TASK DETAILS: Any picture in the data below gets skipped; print all the rest exactly.
[Opening RECORDS SHOWN section]
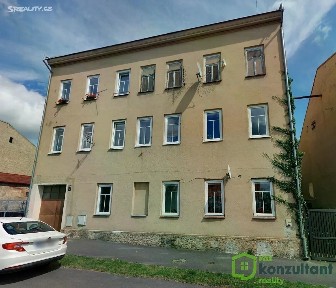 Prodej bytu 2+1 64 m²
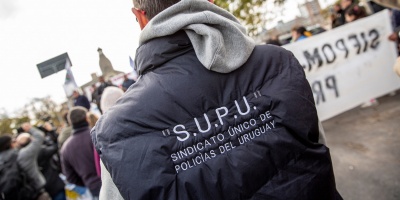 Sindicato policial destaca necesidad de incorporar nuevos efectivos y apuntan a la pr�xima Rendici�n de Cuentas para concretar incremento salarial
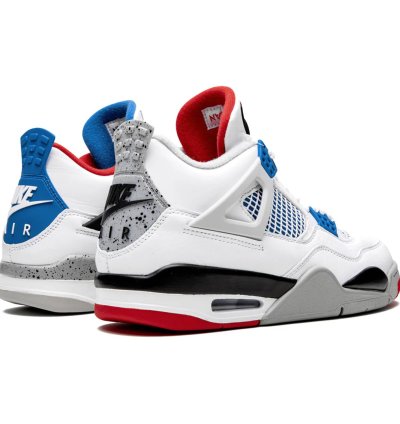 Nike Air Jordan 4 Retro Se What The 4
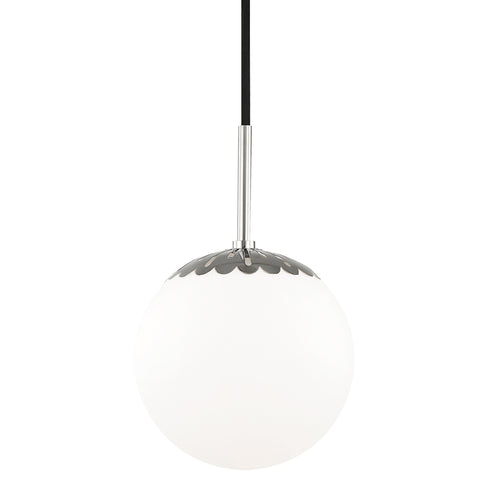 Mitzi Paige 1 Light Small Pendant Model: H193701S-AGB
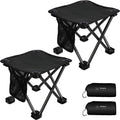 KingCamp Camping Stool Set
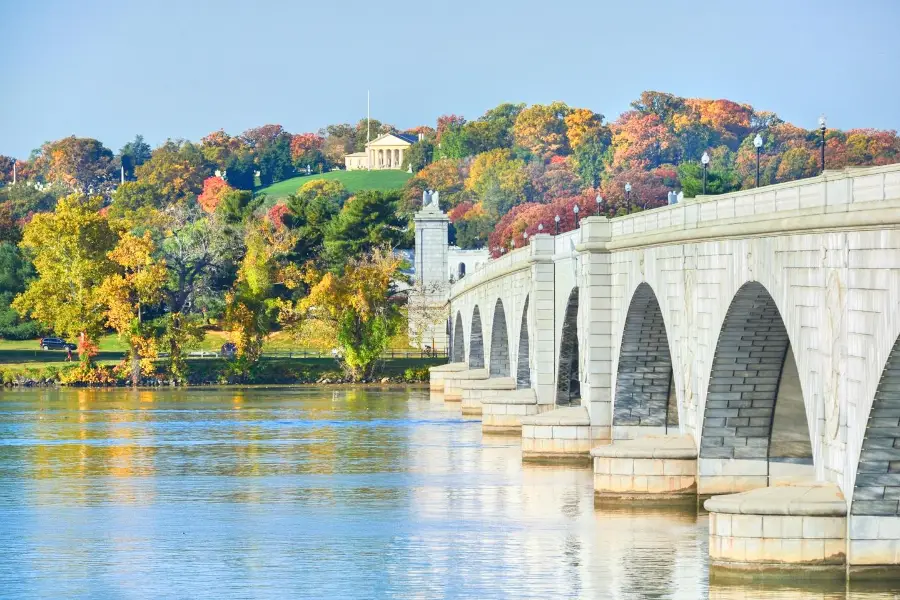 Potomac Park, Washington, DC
[Closing RECORDS SHOWN section]
EXPECTED ANSWER:
 Prodej bytu 2+1 64 m²
 Sindicato policial destaca necesidad de incorporar nuevos efectivos y apuntan a la pr�xima Rendici�n de Cuentas para concretar incremento salarial
 Nike Air Jordan 4 Retro Se What The 4
 Mitzi Paige 1 Light Small Pendant Model: H193701S-AGB
 KingCamp Camping Stool Set
 Potomac Park, Washington, DC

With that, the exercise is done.